EXERCISE>
All lines from the one with "Finca/Landehus til salg" through the end of the records below are to be given again exactly, and nothing else.

□ □ □ □

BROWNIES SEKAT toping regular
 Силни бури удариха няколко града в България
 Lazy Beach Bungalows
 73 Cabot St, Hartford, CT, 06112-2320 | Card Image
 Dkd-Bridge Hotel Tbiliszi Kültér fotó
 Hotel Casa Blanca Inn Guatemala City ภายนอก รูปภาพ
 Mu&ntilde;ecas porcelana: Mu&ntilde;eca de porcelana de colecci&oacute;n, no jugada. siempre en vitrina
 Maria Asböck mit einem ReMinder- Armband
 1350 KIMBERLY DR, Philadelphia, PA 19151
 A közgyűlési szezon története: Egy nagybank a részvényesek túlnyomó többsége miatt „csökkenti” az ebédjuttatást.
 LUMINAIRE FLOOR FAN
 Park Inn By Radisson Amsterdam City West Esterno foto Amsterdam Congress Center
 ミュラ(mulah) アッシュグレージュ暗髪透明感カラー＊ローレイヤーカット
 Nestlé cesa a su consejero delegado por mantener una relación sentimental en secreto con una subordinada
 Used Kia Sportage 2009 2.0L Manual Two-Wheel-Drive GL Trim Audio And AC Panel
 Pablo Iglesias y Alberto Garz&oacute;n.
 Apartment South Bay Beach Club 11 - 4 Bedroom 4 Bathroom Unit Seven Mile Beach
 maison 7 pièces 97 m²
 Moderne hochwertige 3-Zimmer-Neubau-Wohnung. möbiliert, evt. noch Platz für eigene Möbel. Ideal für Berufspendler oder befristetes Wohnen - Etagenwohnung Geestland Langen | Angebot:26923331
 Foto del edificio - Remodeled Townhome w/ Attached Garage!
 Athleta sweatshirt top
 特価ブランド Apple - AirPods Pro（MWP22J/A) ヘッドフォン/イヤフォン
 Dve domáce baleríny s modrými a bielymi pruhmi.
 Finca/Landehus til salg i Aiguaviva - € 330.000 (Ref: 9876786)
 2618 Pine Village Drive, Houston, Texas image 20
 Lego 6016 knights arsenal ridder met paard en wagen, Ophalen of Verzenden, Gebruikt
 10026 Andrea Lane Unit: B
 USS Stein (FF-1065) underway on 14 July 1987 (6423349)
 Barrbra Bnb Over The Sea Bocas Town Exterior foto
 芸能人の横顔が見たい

□ □ □ □

TASK ANSWER>
 Finca/Landehus til salg i Aiguaviva - € 330.000 (Ref: 9876786)
 2618 Pine Village Drive, Houston, Texas image 20
 Lego 6016 knights arsenal ridder met paard en wagen, Ophalen of Verzenden, Gebruikt
 10026 Andrea Lane Unit: B
 USS Stein (FF-1065) underway on 14 July 1987 (6423349)
 Barrbra Bnb Over The Sea Bocas Town Exterior foto
 芸能人の横顔が見たい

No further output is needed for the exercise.